Your insurer, if it is not LV=, may take a different approach. “If you are having problems keeping up your premium payments, the first thing you should do is contact your insurer to see what they could suggest,” says Malcolm Tarling of the Association of British Insurers. “They may follow the lead of LV= and say: ‘We can stop your premiums and you can have a premium holiday for a specific period of time.’ Or they may say you can reduce your premiums but you’d have to take a corresponding reduction in the amount of cover you have.”
AIG takes this second approach with customers who are in financial hardship. It will consider allowing you to reduce the monthly cost of your protection insurance for up to six months but you will not be able to take a complete break from your payments. Most importantly, during the period you are paying reduced premiums, the value of cover you have will be reduced.
For example, it says a 33-year-old with £250,000 of life cover, paying £21.86 a month, could reduce their payments to £4.17 a month for six months. However, the maximum that could be claimed during this six-month period would be only £10,000.
In other words, in this scenario, an 80% reduction in the cost of the monthly policy would lead to a 96% reduction in the value of cover, and would leave your loved ones £240,000 worse off if you died – while saving you only £17.69 a month. However, if £4.17 a month is all that you can afford and you want to keep some kind of cover in place, then this drastic step may be worth considering.

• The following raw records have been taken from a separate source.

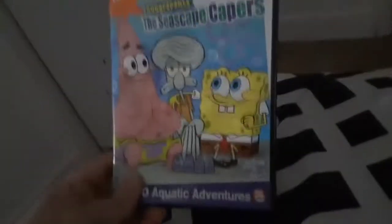First DVD we're gonna try out is SpongeBob SquarePants Seascape Capers, which has the Paramount DVD logo with two options. I'm gonna show you the Paramount DVD logo, but it's recorded on my CRT TV for my MacDonald Fox Portable DVD player.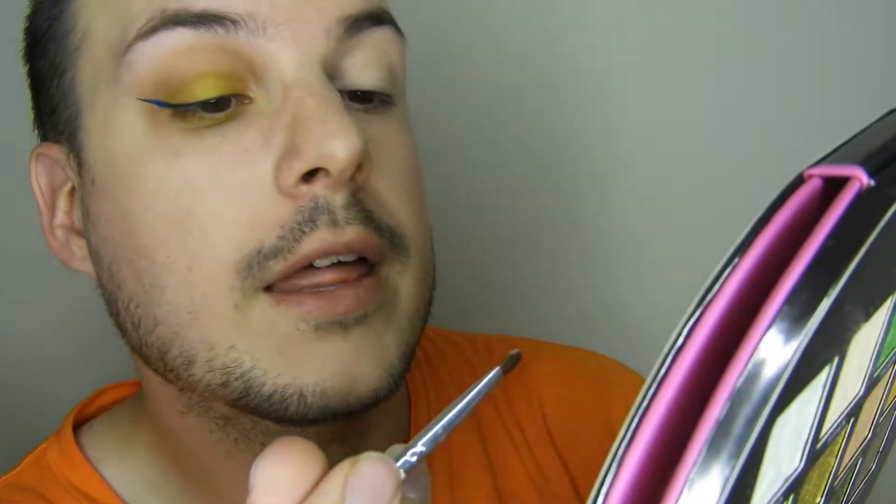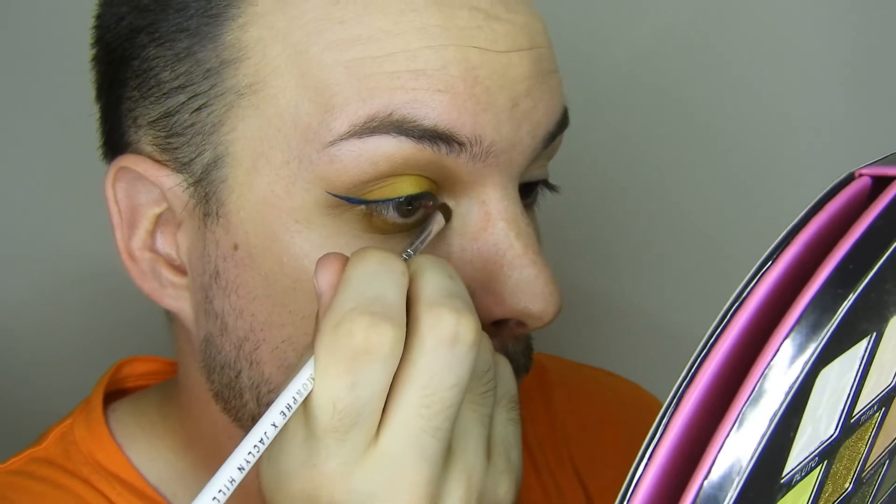While I wait for the liner to dry, I'm going to do my inner corner. I'm grabbing the Jacqueline Hill 42 brush, going into the shade pluto, and using the mirror on the back of the palette to pop it in my inner corner. It's so pretty - it has this tiniest bit of a rose gold shift, and paired with the yellow it brings out more of a yellowy rose gold. Really, really pretty.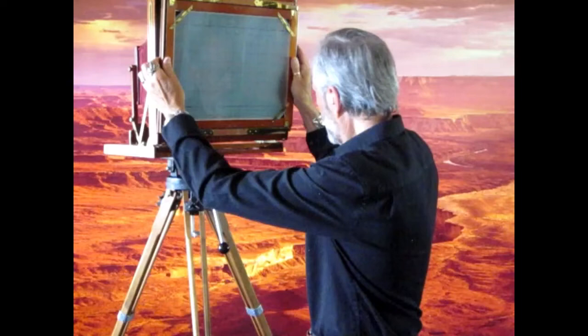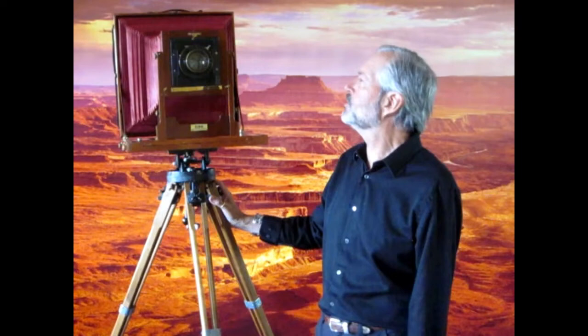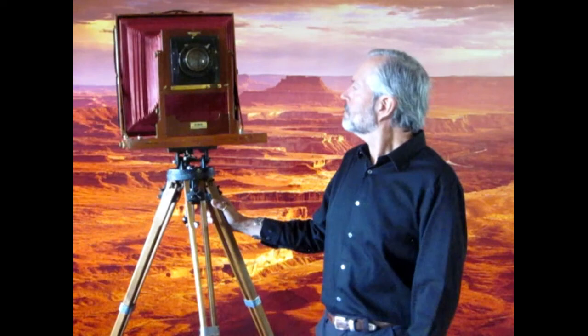That's pretty much all there is to it — it's simple as far as that goes. What's not simple is the fact that nothing is automatic. As I've learned, and every other large format and ultra large format photographer knows, there are 100 ways to screw up a photograph, and I've probably done all of them. I'm a self-taught photographer and self-taught artist, and one of the ways we learn is by making mistakes. What you try to do over time is increase your batting average and not keep making the same mistakes over and over.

At the end of the six months, you can either stay on your reduced premium or increase it back to your usual level, with no further underwriting required. You will not be asked to cover the difference in payments when your premiums return to normal, and throughout the six-month period you will have access to AIG’s 24/7 health and wellbeing support services.
Cutting your pension contributions
You may also be considering reducing or stopping your pension contributions for a while. This may ease your financial pressures a little in the short-term but it will reduce your income in retirement.
“Staying in your pension and making regular contributions, if they’re affordable, is one of the greatest ways you can protect your future,” says Eve Read, a spokesperson for Nest, the not-for-profit scheme set up by the government to facilitate workplace pensions. “Especially if you save into a workplace pension, like Nest, as your employer will pay in money, and you get tax relief from the government, too – these extra contributions effectively double your investment.”
From April, the average household’s yearly energy bill is expected to increase by £693 a year or £57.75 a month, according to Ofgem. If you are a basic-rate taxpayer and you divert £57.75 a month from your pension contributions to your energy bill for a year, you will miss out on £14.45 in tax relief a month and £34.90 a month in employer contributions (assuming your employer contributes the minimum amount it can to your pension each month via auto-enrolment).
Cutting £693 a year from your pension will mean £1,284 less goes into your fund. If that money manages to grow by 5% a year until you retire, the long-term cost is even greater. Hargreaves Lansdown, an investment platform, estimates that a 40-year-old basic-rate taxpayer who cuts back on their pension payments in this way – reducing their contributions by only £57.75 a month for only one year – would end up £4,569 worse off, before fees, by the age of 67.
“It can be tempting to cut pension contributions when money gets tight but it is important to remember that you are losing more than just your own contribution,” Helen Morrissey, a senior pensions and retirement analyst at Hargreaves Lansdown, says. “Tax relief and the employer contribution give your pension a real boost, and along with long-term investment returns can have a powerful impact on how much you end up with in retirement.
“If you do find yourself in a position where you have to cut or stop your contributions, try to resume them as soon as you can.”